-- DATA PROVIDED --
'''

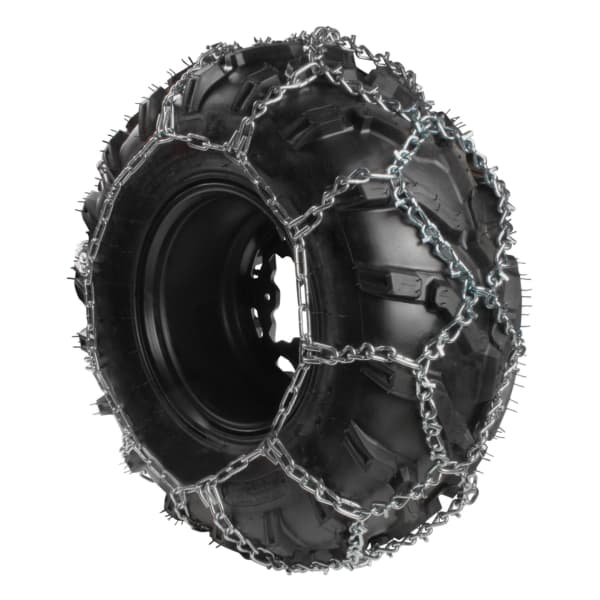 Kimpex - CHAIN #2 - Diamond V-Bar Tire Chain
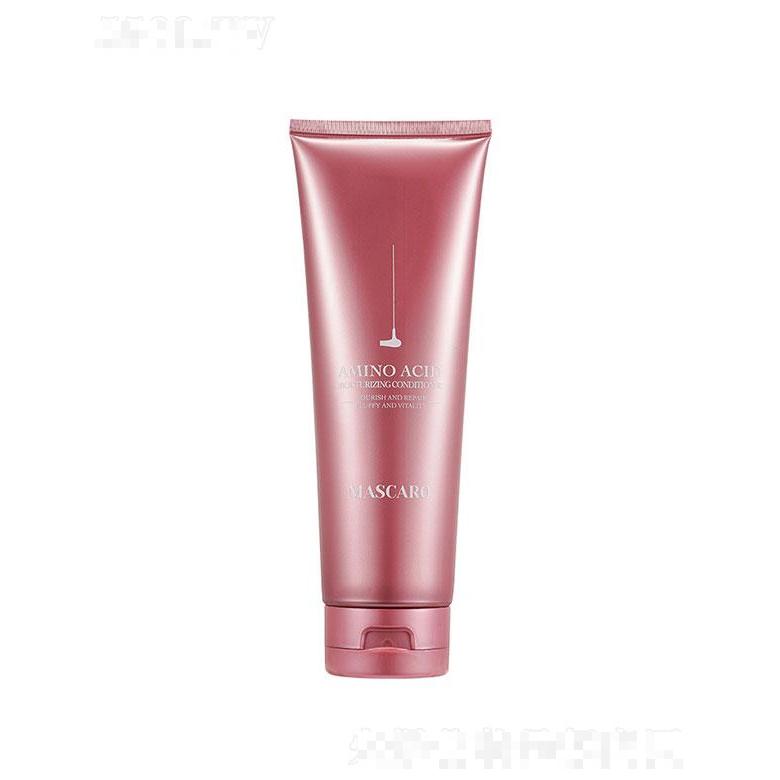 采詩氨基酸護發素  260ml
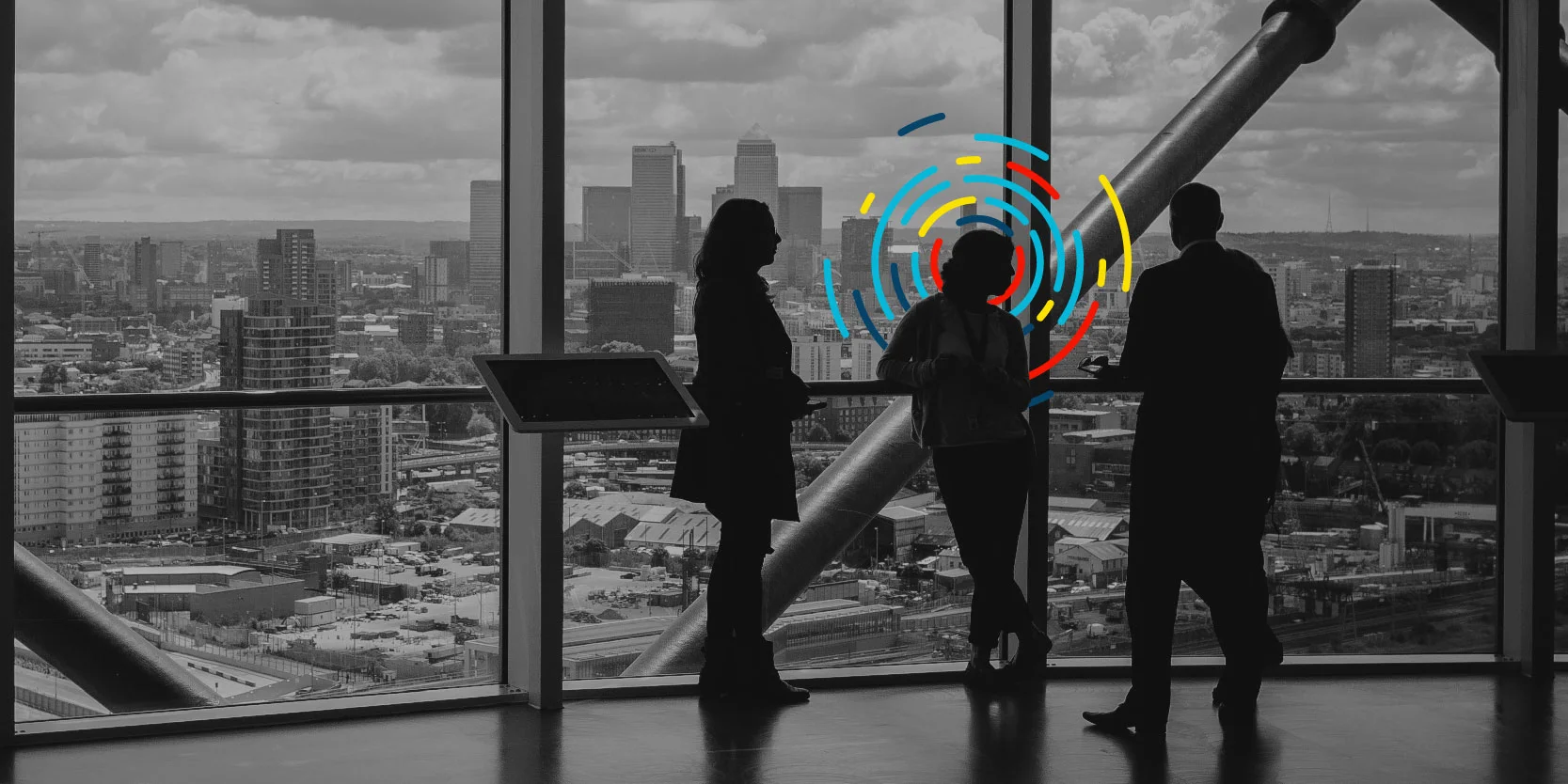 3 Steps to a Failproof Elevator Pitch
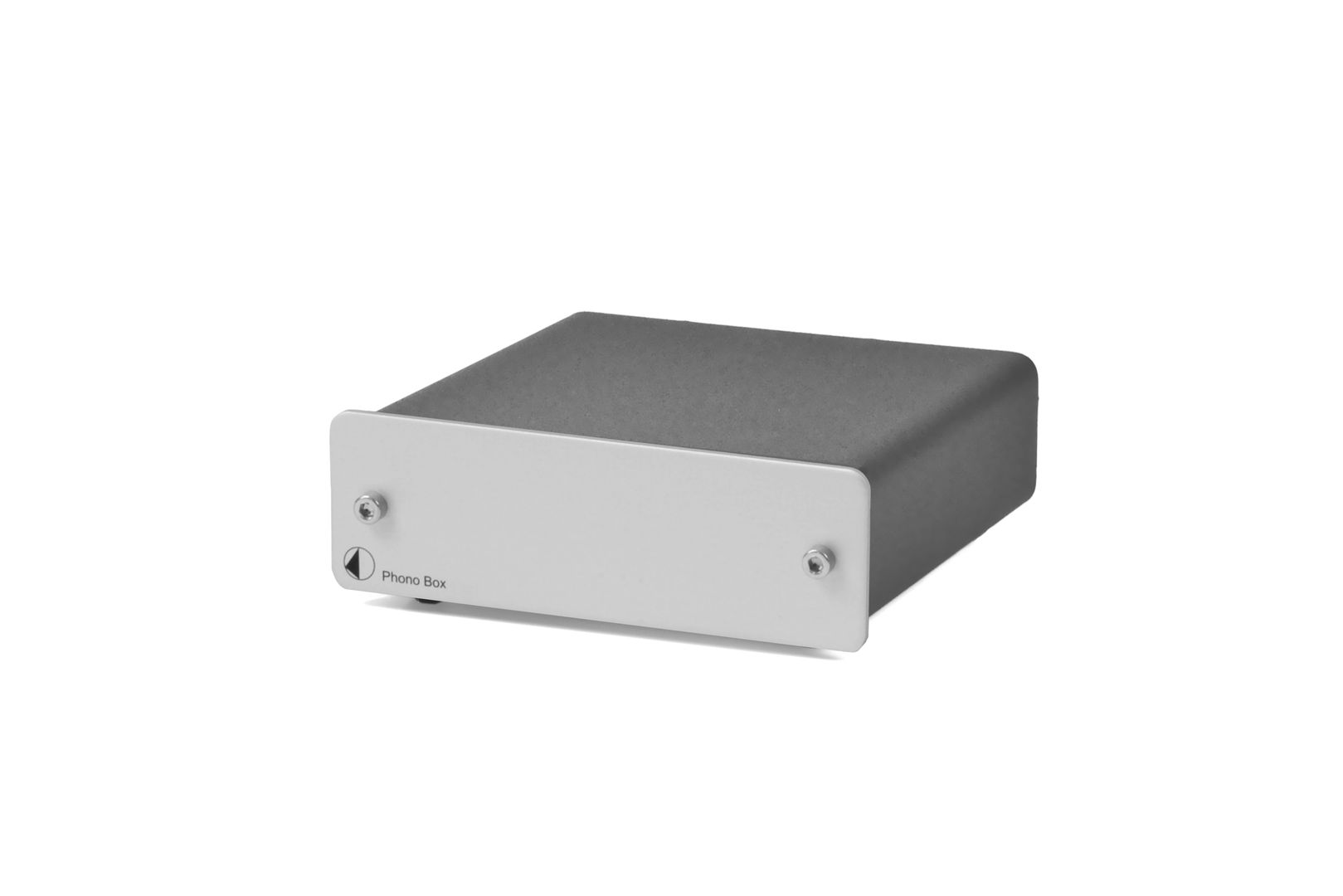 Phono-Box_03-2.jpg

'''

-- AIM OF THE EXERCISE --
The response should be the full material, repeated exactly, with images removed.

-- RESPONSE TO THIS EXERCISE --
 Kimpex - CHAIN #2 - Diamond V-Bar Tire Chain
 采詩氨基酸護發素  260ml
 3 Steps to a Failproof Elevator Pitch
 Phono-Box_03-2.jpg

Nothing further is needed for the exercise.